UV Technology Saves Historic Home

November 2009 Vol. 64 No. 11

Underground pipe repair technology that uses ultraviolet (UV) light helped preserve an 18th Century home nestled among hills near Pittsburgh, PA.

The Reline America Inc. technology installed by Abel Recon also restored natural water flow to the creek that runs past the historic building. The Vipel UV-cure resin system used for the job was supplied by AOC.

The problem was occurring in 647 feet of old 10-inch diameter clay sewer line that runs near the home and creek. Water that should naturally flow through the creek was entering the pipe through cracks and failing joints. The infiltration and inflow (I/I) problem left the creek bed dry.
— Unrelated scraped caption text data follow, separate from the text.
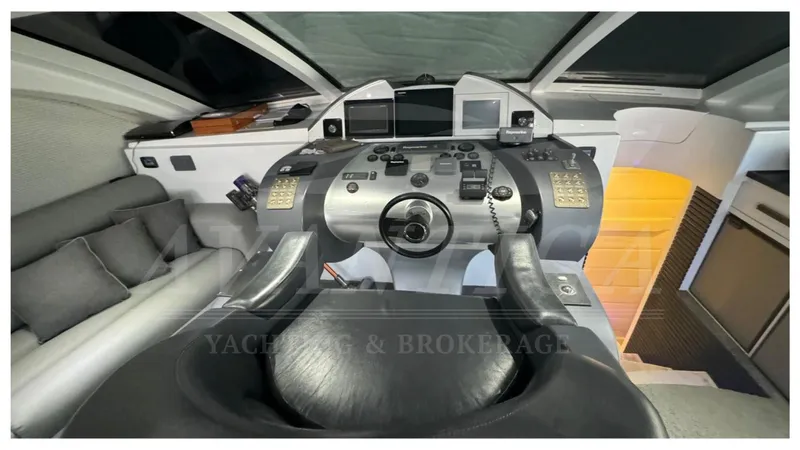  Yacht Photos Pics 2014 Catamaran Power Catamaran cockpit with modern controls and navigation systems.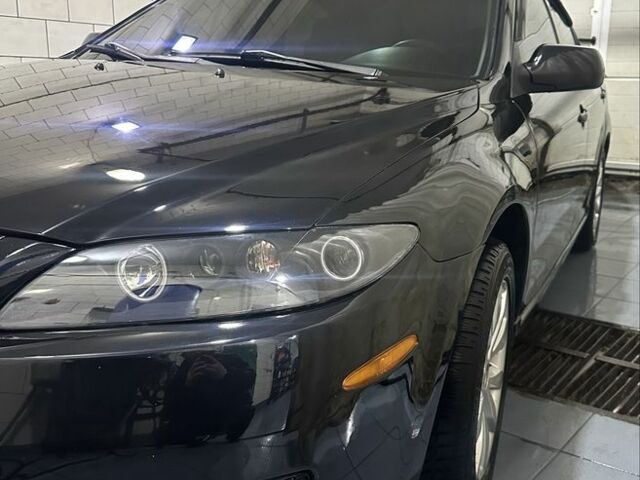 Черный Мазда 6, объемом двигателя 2.3 л и пробегом 355 тыс. км за 5200 $, фото 1 на Automoto.ua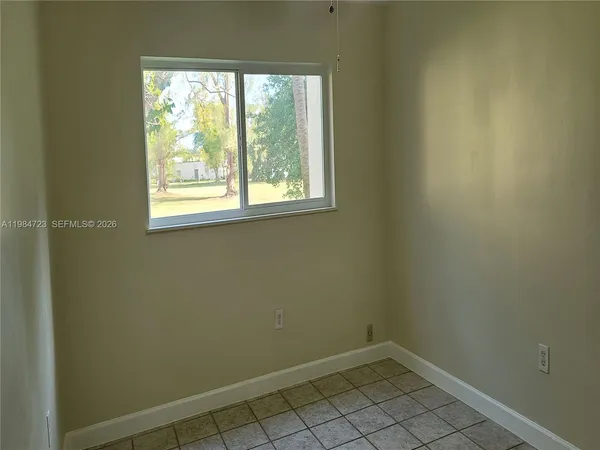 an empty room with a window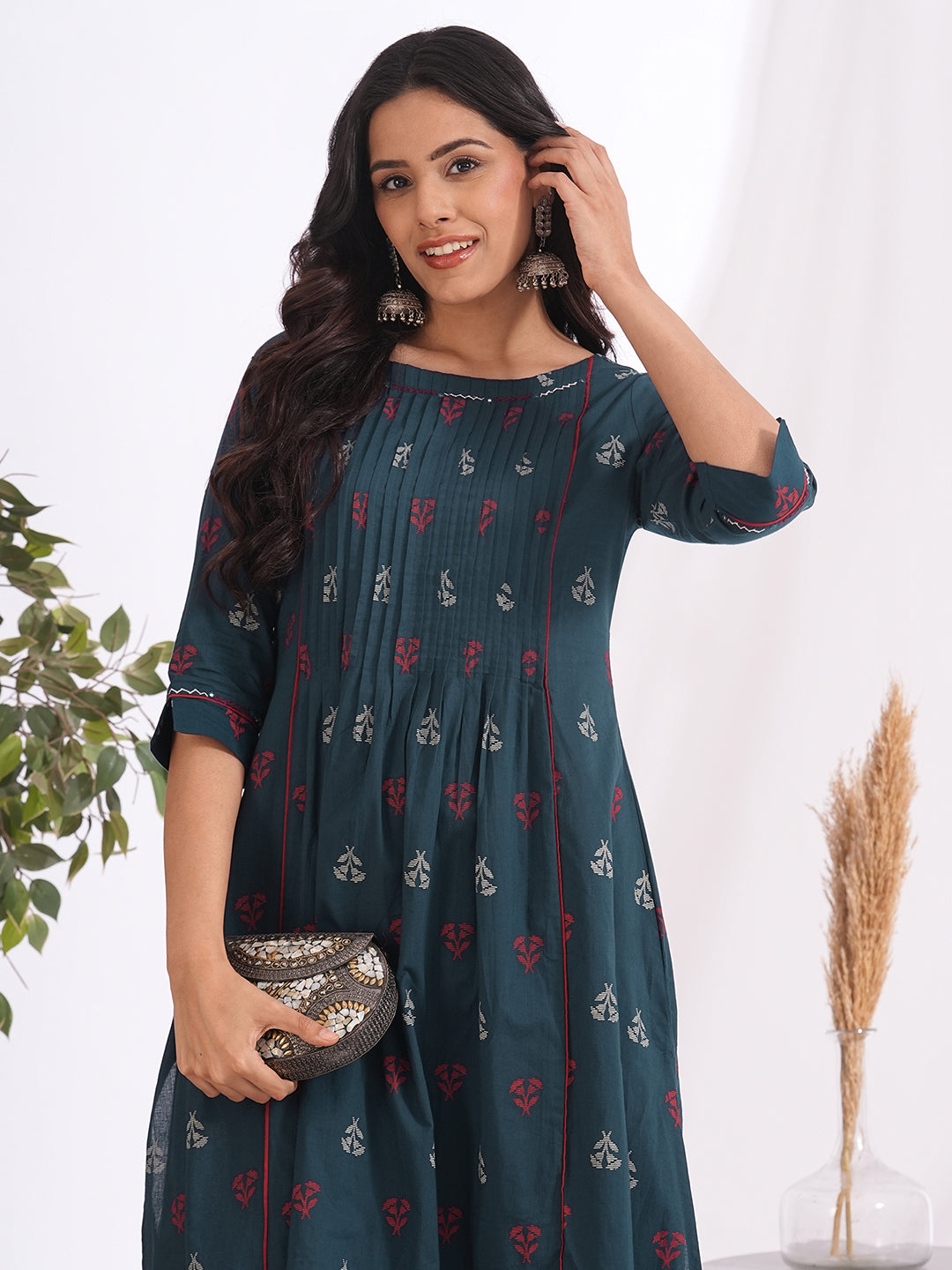 A-line pleated kurta with an printed cotton fabric with hand embroidery and pocket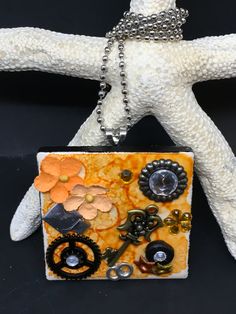 a close up of a small purse on a black surface with a chain attached to it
The extra water reduced the pipe’s capacity to carry wastewater and added to the workload of the treatment plant.

“By far the largest obstacle was the physical location and historic nature of the property,” said Tom West, construction technical advisor for Reline America. “Once the sewer was repaired, the creek became one-third full within 24 hours.”

The solution was designed by Gateway Engineering Inc. for the Municipality of Penn Hills. Engineers specified a cured-in-place-pipe (CIPP) inside the existing pipe to eliminate trenches that would add costs, create delays and threaten the structural integrity of the historic home.

Shining a new light on CIPP
Abel Recon installed the new CIPP using Reline America’s “Blue-Tek” technology. Pat Godwin, business development manager for Abel Recon, explained how this technology can provide advantages over conventional CIPP.

“The I/I at the Penn Hills site was so severe that the pipe still had seven to 10 percent flow even after the by-pass was installed,” said Godwin. “Blue-Tek technology starts with a slip sheet that protects the resin-impregnated liner as the liner is winched into place.”

The liner was custom-made for the job in Reline America’s certified facility. Because UV-cure resin is not affected by temperature, the liner was shipped without costly refrigeration.

At the job site, the liner was pulled instead of inverted as is the case with most conventional CIPP. The Blue-Tek liner was then inflated, and a UV light “train” was introduced into the liner to initiate resin cure. The Penn Hills project cured at three to five feet per minute with no styrene release.

Superior liner and resin technology

Godwin pointed out, “The material for the Blue-Tek liner is made of spirally-wound fiberglass. The finished product is a reinforced composite that is half as thick as and at least four times stronger than a conventional felt-based liner.”